5

My question is how do you extend rbind() to work with a data.frame subclass? I cannot seem to properly extend rbind() to work with even a very simple subclass. The following example demonstrates the issue:

Subclass and method definition:

new_df2 <- function(x, ...)
{
  stopifnot(is.data.frame(x))
  structure(x, class = c("df2", "data.frame"), author = "some user")
}

rbind.df2 <- function(..., deparse.level = 1)
{
  NextMethod()
}

I realize that extending rbind() is not necessary in this case, but my grand plan is to use rbind.data.frame() on a my subclass and then add a few additional checks/attributes to its result.
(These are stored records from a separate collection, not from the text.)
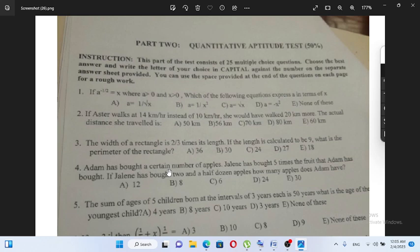So what you can see is a raised to minus 1 over 2 is equal to x, where a is greater than 0 and x is greater than 0. Which of the following equations express a in terms of x?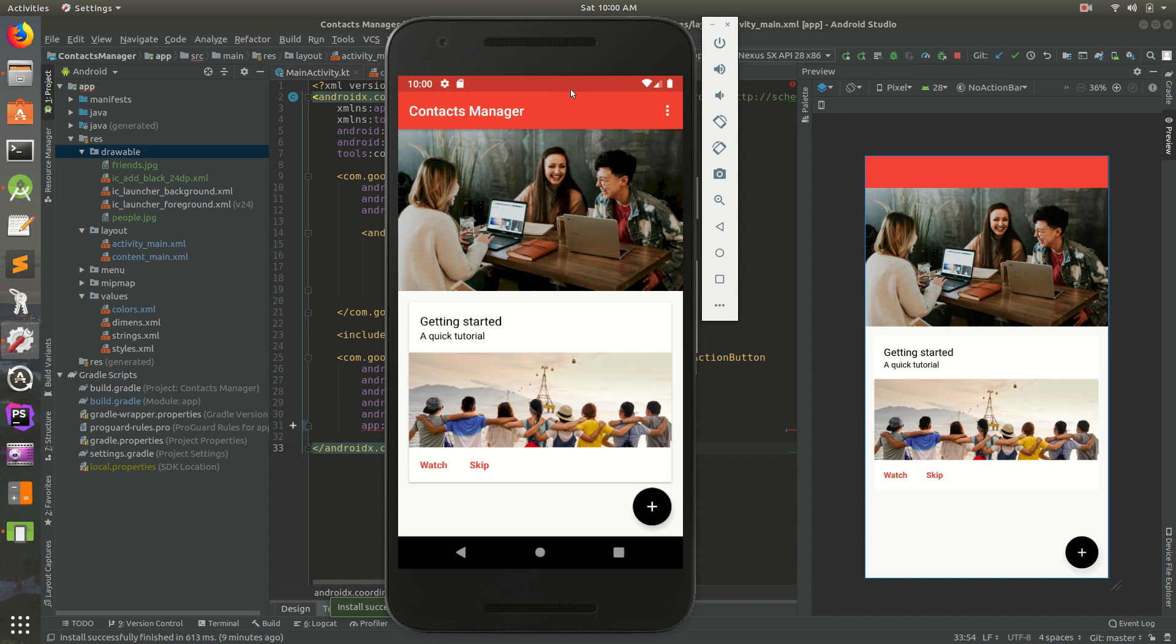We have a status bar that's red, a toolbar that's red. We have an image view here with a photo of some friends smiling. We have a getting started and a quick tutorial text here. Another photo, some buttons, a floating action button.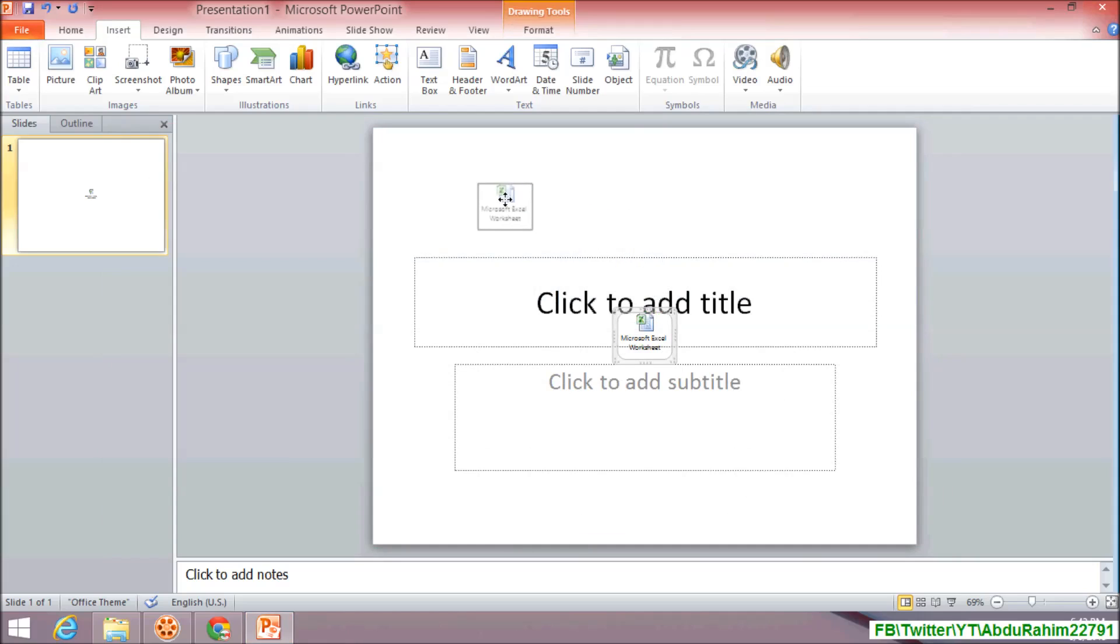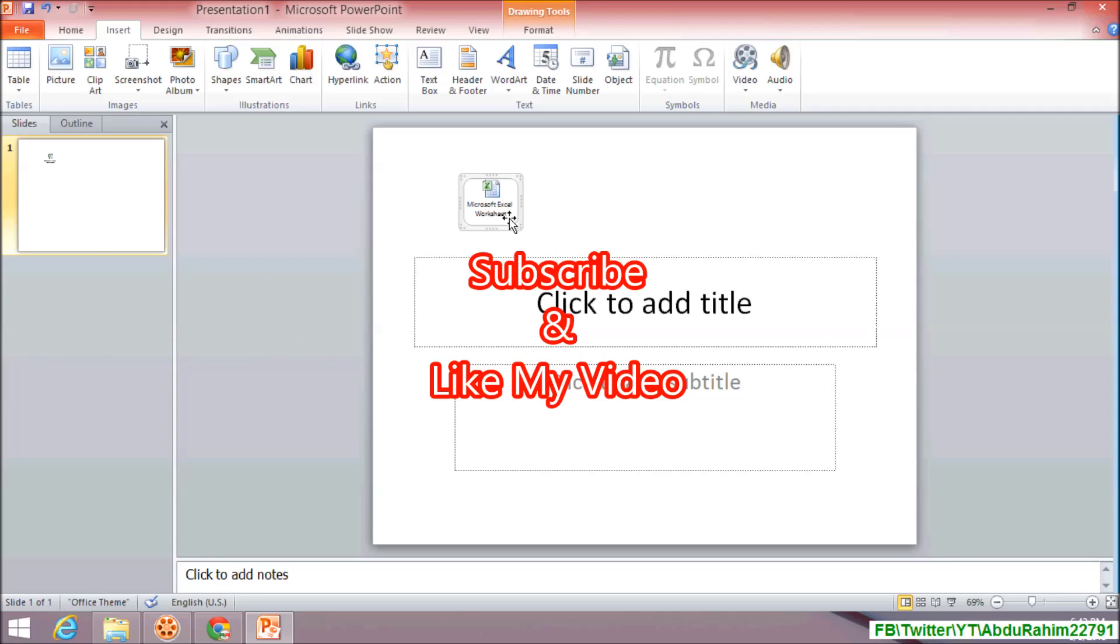Also you can drag it anywhere whatever you want to move that document. So that's it, thanks for watching my video. Like and subscribe.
If you call the following, you get an error: Error in NextMethod() : generic function not specified.

does not work:

t1 <- data.frame(a = 1:12, b = month.abb)
t2 <- new_df2(t1)
rbind(t2, t2)

I also tried using NextMethod(generic = "rbind"), but in that case, you receive this error: Error in NextMethod(generic = "rbind") : wrong value for .Method.

also does not work:

rbind.df2 <- function(..., deparse.level = 1)
{
  NextMethod(generic = "rbind")
}

rbind(t2, t2)

I'm at wits end and guess at the limits of my understanding of subclasses/methods too. Thanks for any help.

Karolis Koncevičius
  • 9,417
  • 9
  • 56
  • 89
r_alanb
  • 873
  • 8
  • 21

2 Answers2

3

I will treat the rbind() specific case below, but I will first note we could generate additional examples showing that there are not problems generally with NextMethod() when the first argument is ... (regarding the bounty request):

f <- function(..., b = 3) UseMethod("f")
f.a <- function(..., b = 3) { print("yes"); NextMethod() }
f.integer <- function(..., b = 4) sapply(list(...), "*", b)
x <- 1:10
class(x) <- c("a", class(x))
f(x)

[1] "yes"
      [,1]
 [1,]    4
 [2,]    8
 [3,]   12
 [4,]   16
 [5,]   20
 [6,]   24
 [7,]   28
 [8,]   32
 [9,]   36
[10,]   40

f(x, b = 5)

[1] "yes"
      [,1]
 [1,]    5
 [2,]   10
 [3,]   15
 [4,]   20
 [5,]   25
 [6,]   30
 [7,]   35
 [8,]   40
 [9,]   45
[10,]   50

So why doesn't rbind.df2 work?

As it turns out, rbind() and cbind() are not normal generics. First, they are internally generic; see the "Internal Generics" section here from Hadley Wickham's old S3 page on Advanced R, or this excerpt from the current Advanced R:

Some S3 generics, like [, sum(), and cbind(), don’t call UseMethod() because they are implemented in C. Instead, they call the C functions DispatchGroup() or DispatchOrEval().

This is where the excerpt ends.